Waarom huidige vogelgriep moeilijk van mens tot mens overgaat
Twee gepubliceerde studies, één in Nature en één in Science, geven een verklaring voor het tot nog toe uitblijven van overdracht van mens tot mens van het vogelgriepvirus. Zowel Thijs Kuiken van de onderzoeksgroep van Ab Osterhaus in het Erasmus MC, als onderzoekers onder leiding van Yoshihiro Kawaoka van de universiteit van Wisconsin-Madison, vonden dat het vogelgriepvirus alleen cellen in het onderste deel van de menselijke luchtwegen kan infecteren. Daardoor is het risico dat virusdeeltjes via hoesten of niezen worden verspreid niet heel groot.

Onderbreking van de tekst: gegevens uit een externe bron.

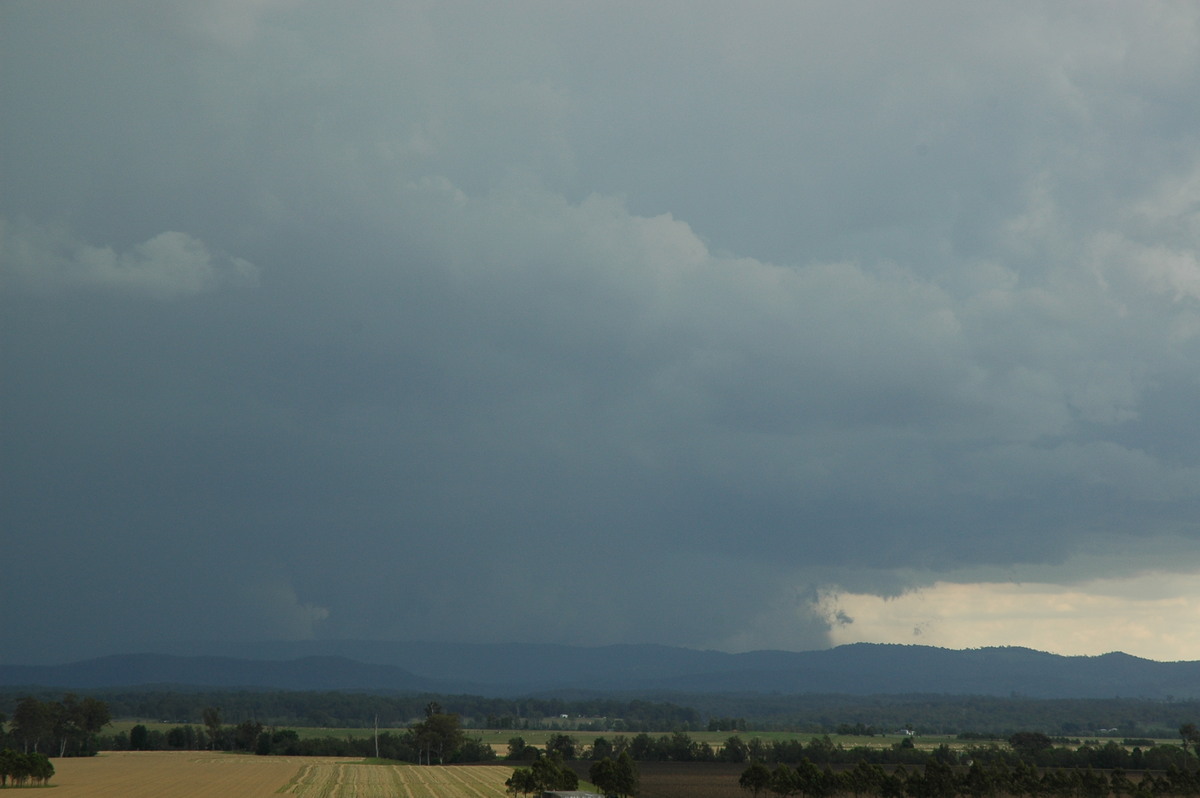 cumulonimbus supercell_thunderstorm : N of Casino, NSW   8 November 2006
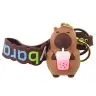 Keychain Capybara Figurine With Cup Pendant Carabiner Ring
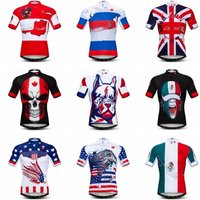 AliExpress Weimomonkey cycling jersey Men Mountain Bike jersey Pro MTB Bicycle Shirts Short sleeve Team Road Tops Canada France Russia Skull red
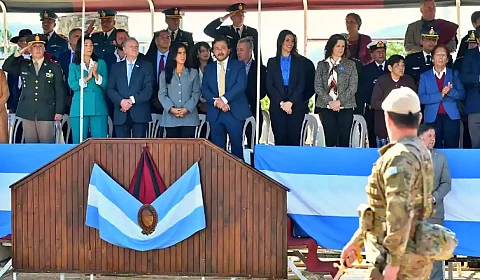 Palco de autoridades durante el desfile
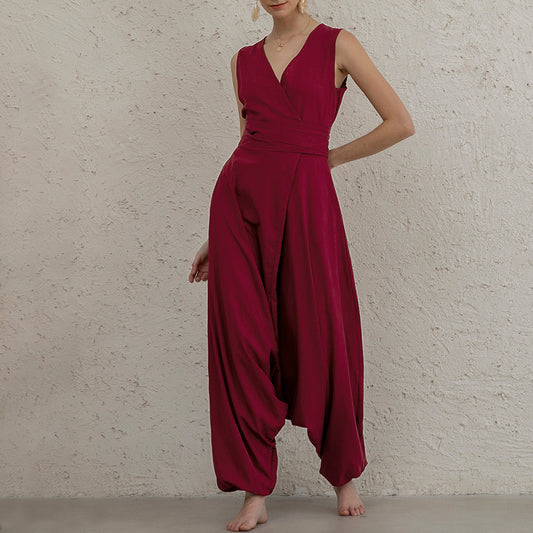 Tess Convertible Linen Jumpsuit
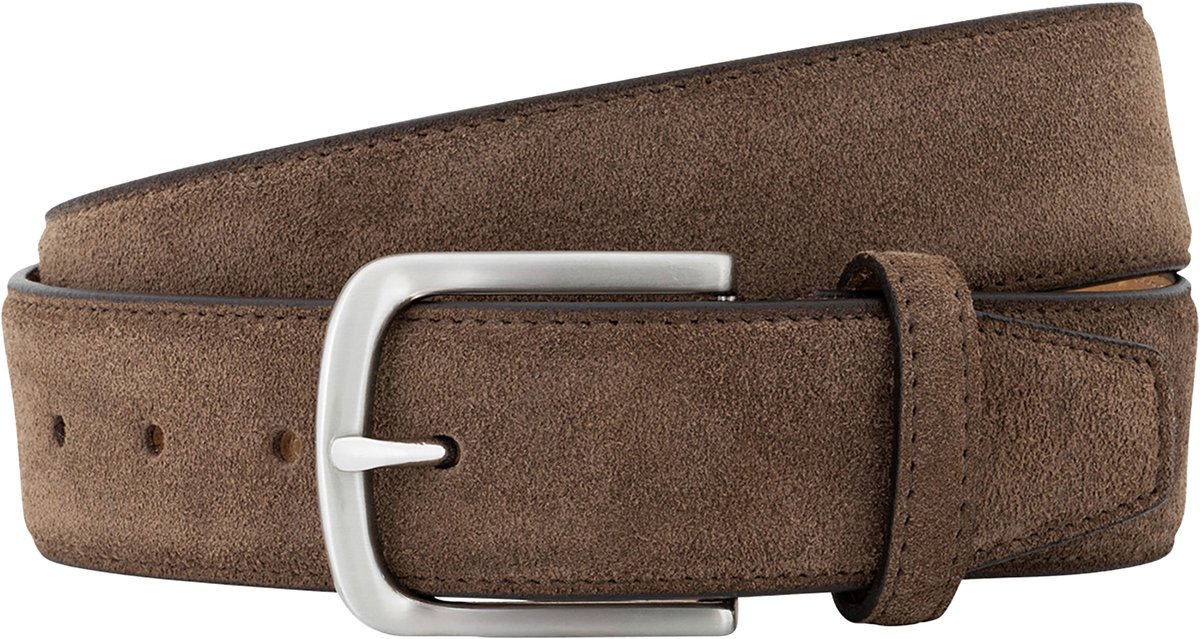 LINDENMANN leren heren riem - bruin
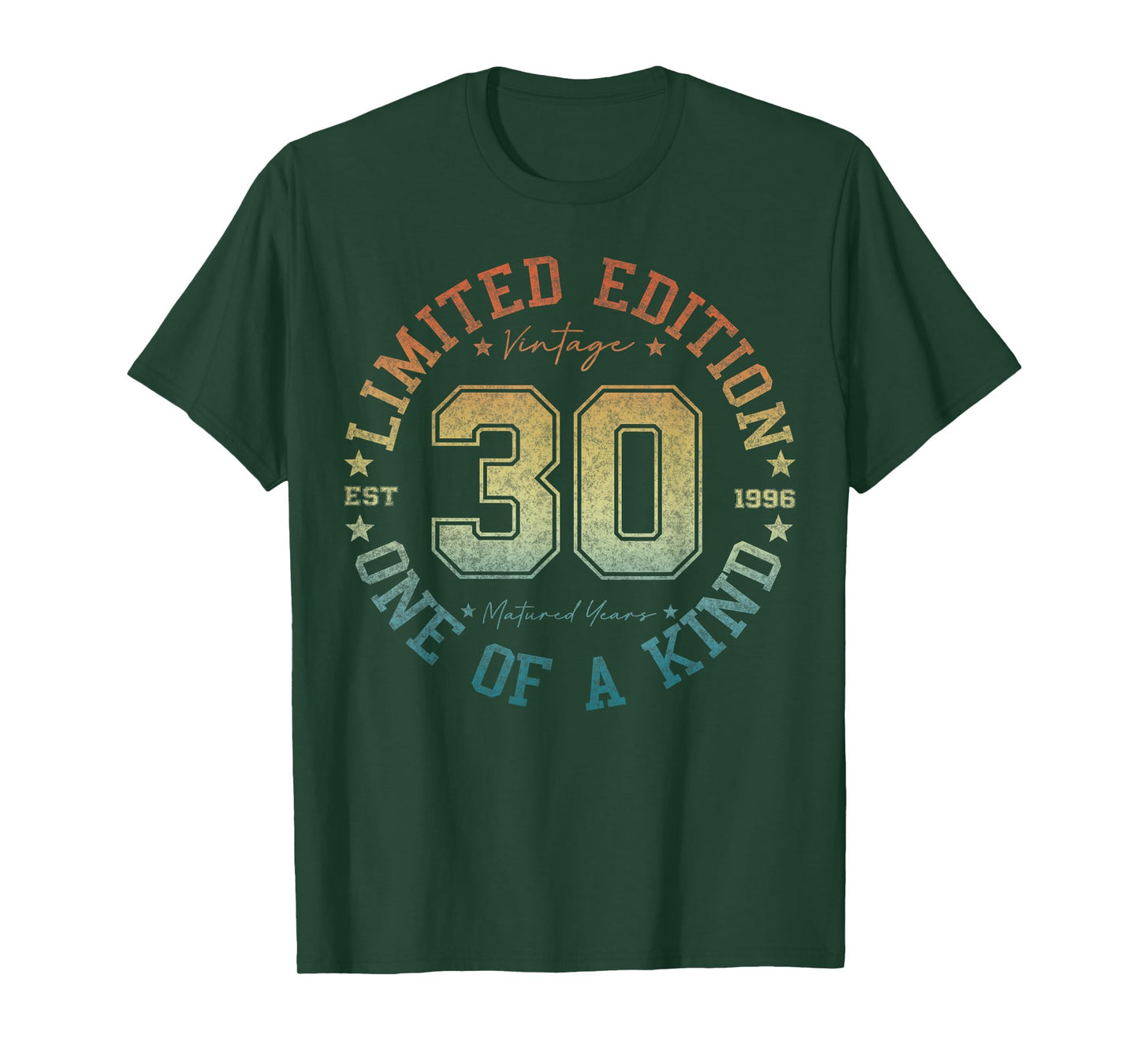 30 Year Old Gifts Vintage 1996 Limited Edition 30th Birthday T-Shirt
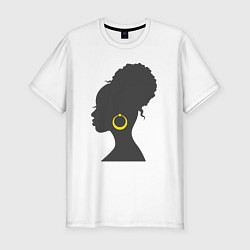 Футболка slim-fit Black girl, цвет: белый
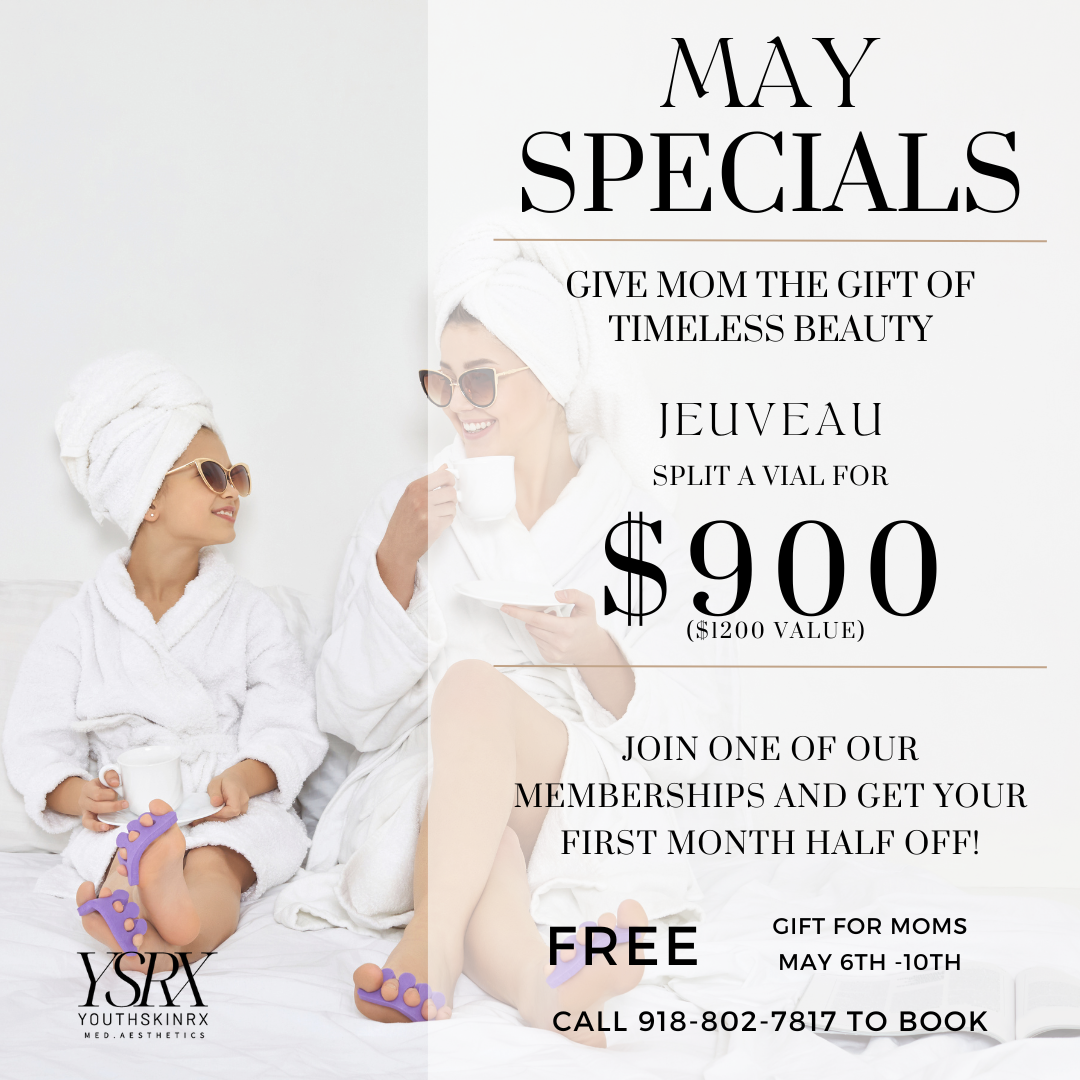 May Monthly specials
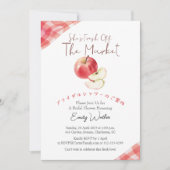 Fresh Off the Market Bridal Shower Apple Rustic Kaart (Voorkant)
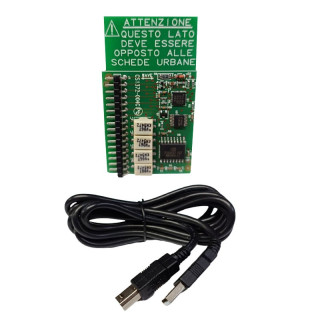 USB and RS232 Board Urmet Agora2 PABX configuration from pc 1372/50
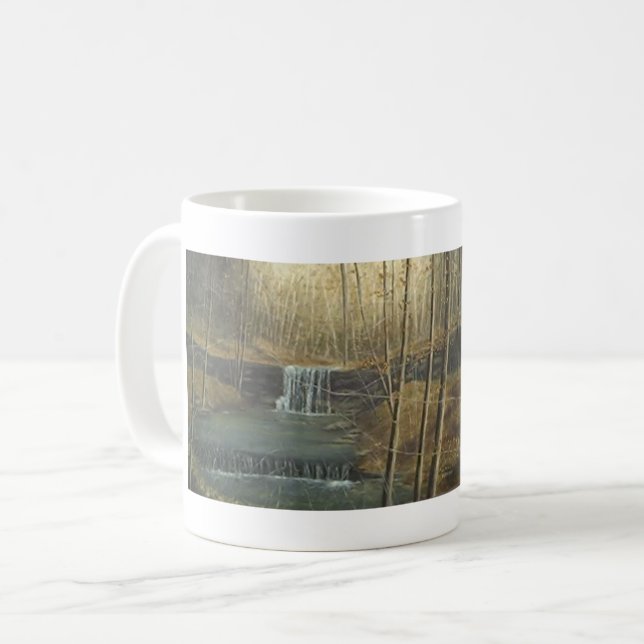 "DUBBLA KERNENS FALLS" KAFFEMUGG (Framsida vänster)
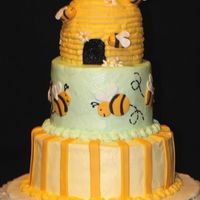 Bumble Bee Baby Shower Cake I did this cake for my coworker whose wife is expecting. They wanted teh sex to be a surprize so that's why I went with green and...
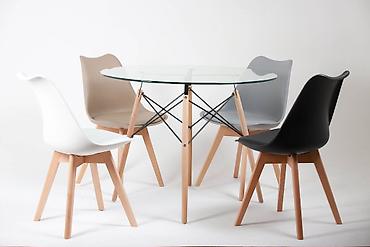 Стулья для кухни: Стул eames 222 Цвета: белый, серый, черный, бежевый, красный Размер — 14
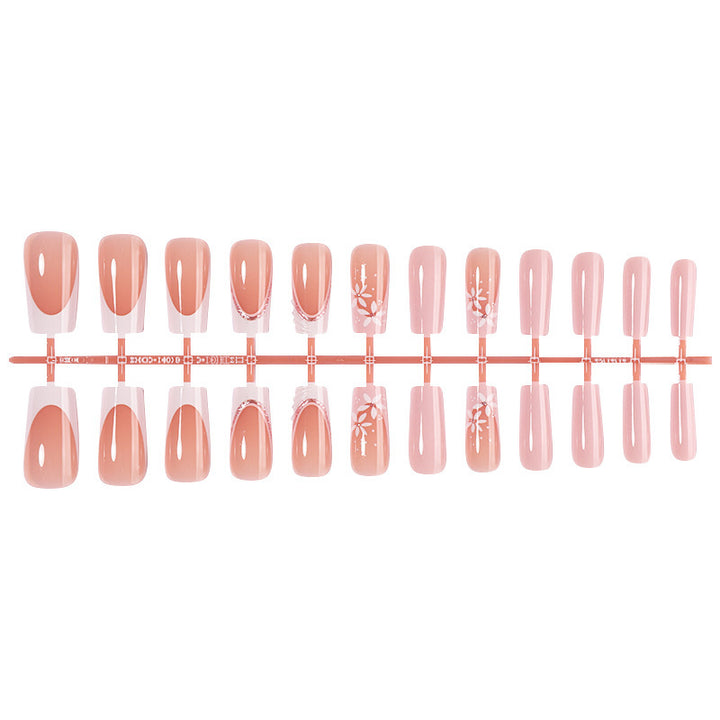 Nail art set with elegant floral designs Bowlift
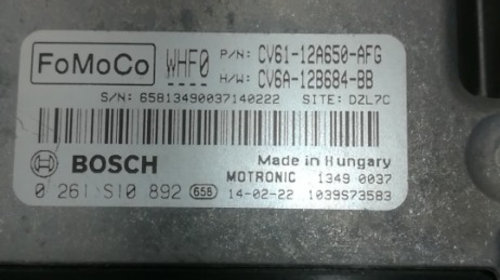 Calculator motor ECU Ford C-Max CV6112A6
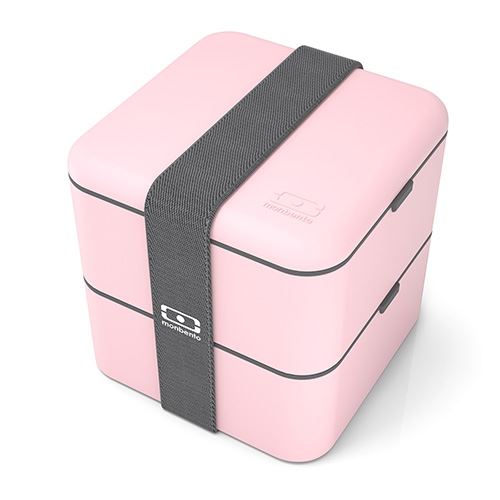 MONBENTO Boîte Bento carrée Litchi - MB Square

Willen griep­virussen cellen kunnen infecteren, dan moeten ze daaraan kunnen binden via receptoren op de celwand. Humane griepvirussen gebruiken daarvoor net iets andere aangrijpingspunten dan vogelgriepvirussen, respectievelijk siaalzuur gebonden aan galactose via een alfa-2,6-verbinding en via een alfa-2,3-verbinding. Kuiken en collega’s keken naar het voorkomen van deze receptoren op de celwanden van longweefsel van mensen, muizen, fretten, katten en makaken. In humaan longweefsel bond het virus vooral aan cellen in de wand van de longblaasjes, zogenoemde type-II-pneumocyten, en cellen in de bronchioli. Hoger in de luchtwegen, richting de trachea, werd veel minder binding van het virus gezien.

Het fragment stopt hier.